● **What the exercise asks**: Output only the lines below that start at the line containing "CERB CARPATIN - PRIMAVARA" and end at the line containing "Cloud Star Dynamo", with both ends kept.

● **Records shown**:
============================================================
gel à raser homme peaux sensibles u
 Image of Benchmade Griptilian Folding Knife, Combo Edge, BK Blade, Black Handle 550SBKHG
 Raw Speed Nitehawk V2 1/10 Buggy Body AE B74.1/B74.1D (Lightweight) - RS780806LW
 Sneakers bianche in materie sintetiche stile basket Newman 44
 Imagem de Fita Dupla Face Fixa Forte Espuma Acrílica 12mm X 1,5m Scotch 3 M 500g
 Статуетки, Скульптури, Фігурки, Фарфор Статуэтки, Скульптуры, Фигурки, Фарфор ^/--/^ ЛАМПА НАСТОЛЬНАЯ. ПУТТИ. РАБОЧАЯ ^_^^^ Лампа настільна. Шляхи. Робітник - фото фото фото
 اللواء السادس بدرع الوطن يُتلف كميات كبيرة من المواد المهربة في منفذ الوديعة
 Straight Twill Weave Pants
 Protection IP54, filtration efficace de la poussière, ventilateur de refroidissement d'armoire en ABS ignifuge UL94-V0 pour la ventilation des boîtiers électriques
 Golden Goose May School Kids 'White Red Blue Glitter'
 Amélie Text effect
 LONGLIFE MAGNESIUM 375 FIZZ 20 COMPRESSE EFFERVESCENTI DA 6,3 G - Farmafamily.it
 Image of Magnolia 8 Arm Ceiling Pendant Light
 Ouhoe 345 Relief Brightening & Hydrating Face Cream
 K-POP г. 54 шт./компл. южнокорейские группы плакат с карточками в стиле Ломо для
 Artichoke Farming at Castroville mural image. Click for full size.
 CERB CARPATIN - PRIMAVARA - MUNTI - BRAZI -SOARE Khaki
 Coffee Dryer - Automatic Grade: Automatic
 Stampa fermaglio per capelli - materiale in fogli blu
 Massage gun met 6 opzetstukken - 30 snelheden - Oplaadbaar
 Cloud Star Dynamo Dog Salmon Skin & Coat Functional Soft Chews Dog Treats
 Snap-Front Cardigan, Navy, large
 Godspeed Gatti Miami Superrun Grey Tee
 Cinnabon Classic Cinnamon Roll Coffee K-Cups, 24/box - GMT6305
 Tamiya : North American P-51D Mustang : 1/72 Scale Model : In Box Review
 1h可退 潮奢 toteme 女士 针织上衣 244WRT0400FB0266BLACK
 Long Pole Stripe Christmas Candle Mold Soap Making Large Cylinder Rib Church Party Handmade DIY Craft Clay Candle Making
============================================================
● **Solution to the exercise**:
 CERB CARPATIN - PRIMAVARA - MUNTI - BRAZI -SOARE Khaki
 Coffee Dryer - Automatic Grade: Automatic
 Stampa fermaglio per capelli - materiale in fogli blu
 Massage gun met 6 opzetstukken - 30 snelheden - Oplaadbaar
 Cloud Star Dynamo Dog Salmon Skin & Coat Functional Soft Chews Dog Treats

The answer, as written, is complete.